Two-thirds of GPs have felt pressured to work outside their competence

Over two thirds of GPs have felt pressured, or been expected, to work outside their competence during the past year, a poll has found.

A UK prescription with pills next to it
Prescribing is a key area where many GPs say they have been expected to practise outside of their competence (Photo: Getty Images)

The GPonline survey of 244 GPs from across the UK highlights how spiralling waiting lists for hospital treatment is piling pressure on GP practices – with GPs themselves often being expected, or asked, to carry out tasks that they do not feel trained to deal with.

The poll found that 68% of GPs felt they had been expected to work outside of their competence. All of these doctors said that a lack of options to refer patients to and long waiting lists to access services had been why they had found themselves in this position.

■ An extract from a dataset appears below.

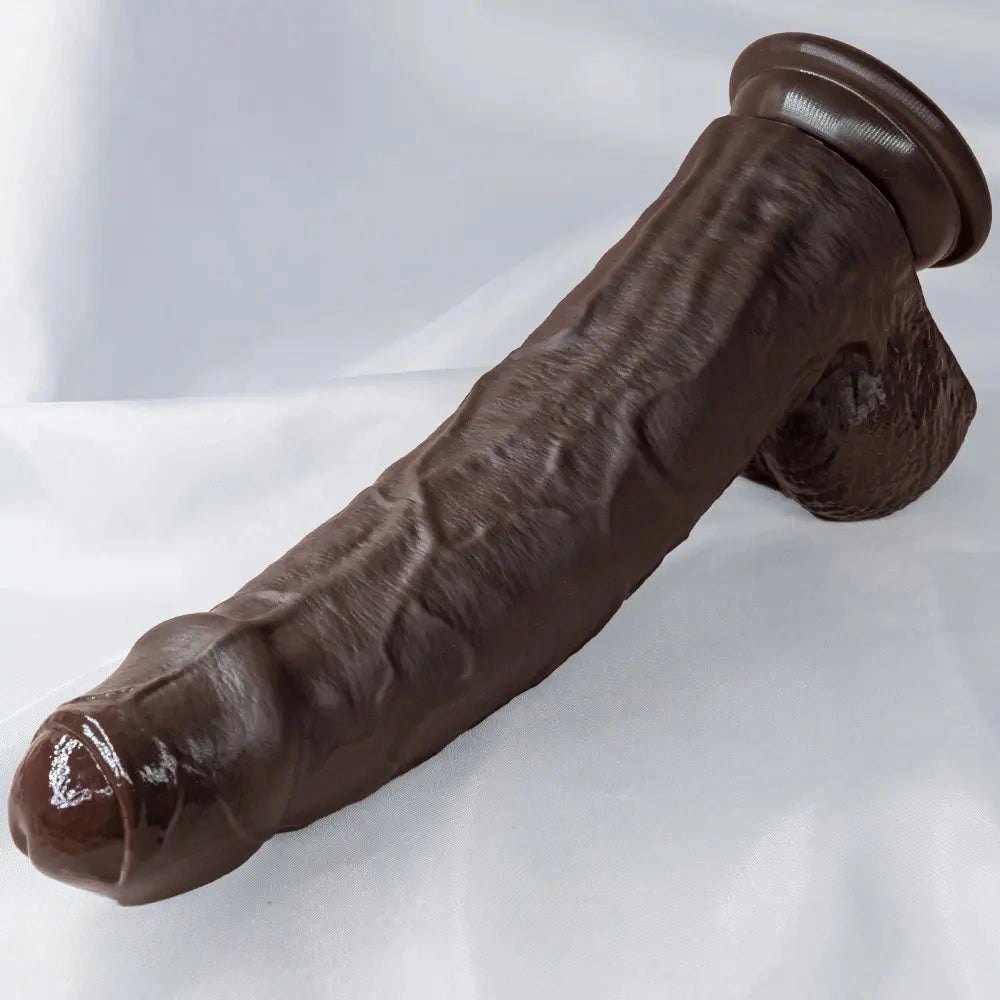 Coffee-tone uncut silicone strap-on dildo, photo 9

The vast majority (98%) also said that requests from hospitals to prescribe medicines had lead to them feeling pressured to practise outside of their competence and 76% said it was due to hospitals requesting practices undertake other management plans. Meanwhile 78% said the reason was due to some other transfer of work from hospitals that they felt was inappropriate.

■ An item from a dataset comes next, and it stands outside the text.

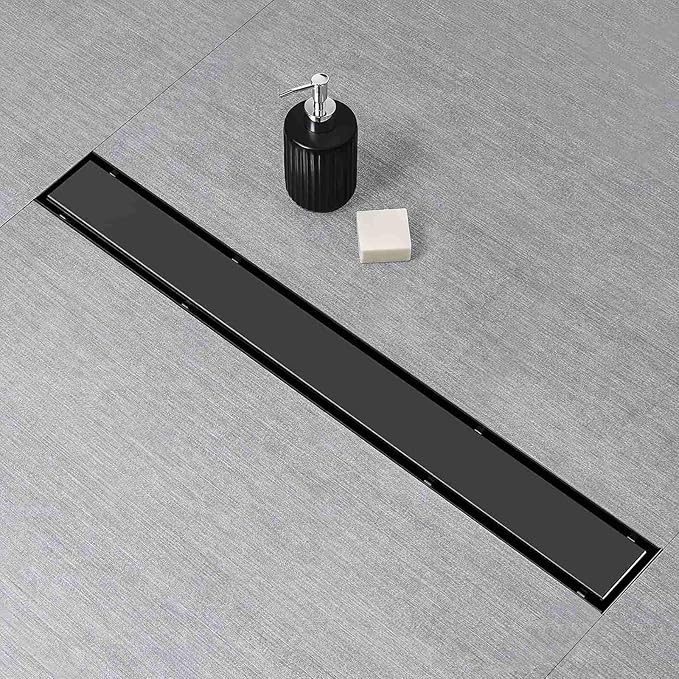 SaniteModar Linear Shower Drain, Black Shower Drain 40 inch with Flat and Tile Insert 2 in 1 Panel, 304 Stainless Steel Black Linear Floor Drain with Hair Strainer and Leveling feet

Inappropriate transfer of work

The findings follow results of another poll by GPonline earlier this year when 81% of GPs said that that their practice was experiencing inappropriate transfer of work from hospitals.

GPs responding to this latest poll highlighted the 'unprecedented' workload that general practice was facing. Alongside work transfer from hospitals, many GPs said a shortage of staff had also left them feeling out of their depth at work.

One GP responding to the poll said that they had been left to manage acutely unwell patients in the community who they felt should have been admitted, but this was not possible because the because the hospital was too busy. Another cited an example of being expected to undertake genetic screening and counselling for a patient when this should have been done by a specialist team.

Problems with rejected referrals, and the use of advice and guidance services where hospitals provide advice to GPs on how to manage patients, also meant GPs were having to manage patients in primary care who they felt should be under the care of a specialist, GPs said.

Rejected referrals

One GP responding to the poll explained: 'Advice and guidance is being used to ensure primary care ends up doing the work usually undertaken by secondary care, eg requesting bloods we cannot interpret, repeatedly monitoring patients without safe recall systems in place - with no additional funding.

'Secondary care is still using the telephone outpatient clinic model, without systems in place to manage patients appropriately such as prescribing or examining, so asking GPs to do these things on their behalf. Virtual wards are also adding to workload as hospitals are not completing their own actions and asking for further GP review/input when patients should be under care in secondary care. More referrals are being rejected than ever before - inappropriately.'

Another added: 'Too many speciality issues are passed on to primary care to deal with. It is not possible for primary care to keeps abreast of every single secondary care topic, especially with multiple updated guidelines, new medications in every field. '

One GP responding to the poll said: 'It is like working in treacle. Secondary care is so congested that they can't cope. They pass their work onto primary care unaware that they are breaching their own contract. GPs are under so much pressure and don't have the resources. Patients are stuck in the middle and think GPs are to blame.'

Another added: 'In 12 years of general practice I have never seen such unprecedented workload demands. It is way more than during the height of the pandemic. There needs to be a shift in thinking as to how to cope with this as it is not sustainable in its current format.'

NHS waiting lists

Earlier this year LMCs called on the government to provide practices with additional funding to help them cope with the extra work they are dealing with as a result of growing hospital waiting lists. Delegates attending the UK LMCs conference said it was 'unacceptable' that none of the government funding for the NHS's elective recovery plan in England had been earmarked for use in primary care, despite the fact GP surgeries are dealing with increased workload as a result of the backlog.

Latest NHS figures for England that cover the period until April 2022 show there are a record 6.48m people on the NHS waiting list - a rise of 124,013 on the previous month.

Health and social care secretary Sajid Javid has previously warned that the waiting list will continue to rise for the next two years. In an interview with The Telegraph last summer he also suggested the list could hit 13m people.